Это довод на крайний случай. Тем более выстраивая дело жизни на опоре деятельной добродетели, неотступного труда, мудрости, поэтического вдохновения, любви, Данте понимает, что задуманное и осуществляемое им не может уступать высшим достижениям прошлого. Он расстается с Вергилием, венчающим его на прощание короной и митрой: «свободный, правый, здравый суд» нового поэта даст ему впредь обойтись без этого поводыря (Чистилище 27, конец). По свидетельству совести, по мере вкладываемого усилия Данте знает, что в нем возобновляется всё величие древности. Брунетто Латини узнает в нем единственное растение, «в котором оживает святое себя» римлян (Ад 15, 73–76). В 4–1 песни «Ада» Данте встает рядом с Вергилием, Гомером, Горацием, Овидием и Луканом. Все пятеро остаются в аду или в чистилище, один Данте поднимается к свету рая. Поэт знает за собой способность «преподать учение», которое согреет «новым светом, новым солнцем» людей, для которых «былое солнце не светит» (Пир I 2, 12–15). Он начинает новое поэтико-философское писание, которому суждено продолжить и восполнить священные книги прошлого.
«Божественная Комедия» приурочена к заметной точке времени, пасхальным дням 1300 года, и в каждой песне, в каждом эпизоде снабжена отметками времени, узнаваемого по движению Солнца, Луны, светил, по освещенности разных географических точек, по длине и направлению тени, долготе пеших переходов, продолжительности действий.

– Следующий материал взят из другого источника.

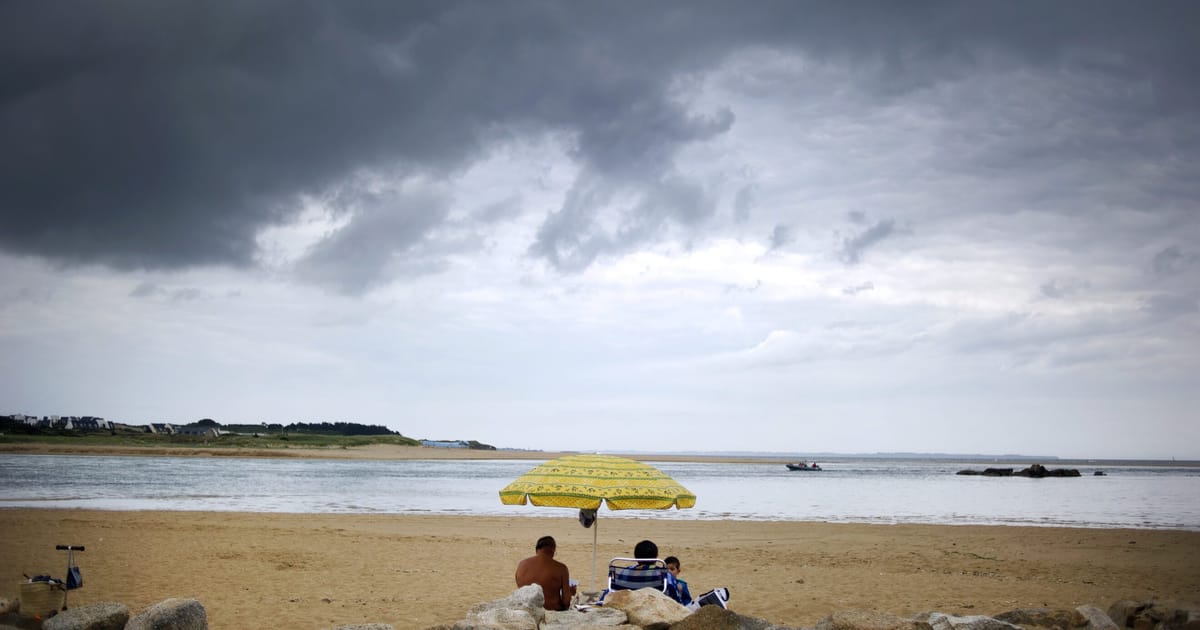 3 scenarios for Europe’s summer travel season – POLITICO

Так, чтоб ударить первыми лучами
В тот город, где его творец угас,
Меж тем как Эбро льется под Весами,
А волны Ганга жжет полдневный час,
Стояло солнце…
Т.е. была та минута, когда в Индии полдень, в Иерусалиме восход солнца, а над Испанией еще стоит ночное созвездие Весы. Вложенные друг в друга круги и сферы ада, чистилища, рая кажутся частями громадного часового механизма, в мерное движение которого вовлечено страдающее, очищающееся или счастливое человечество. На каждом шагу внутри этих вселенских часов поэта торопят спутники или водители, напоминая о порядке движения, укоряя за малейшие задержки, отводя считанные минуты, а то и меньше, для бесед со встречными и просителями. В чистилище время, по-видимому, особенно дорого (Чистилище 24, 91–92).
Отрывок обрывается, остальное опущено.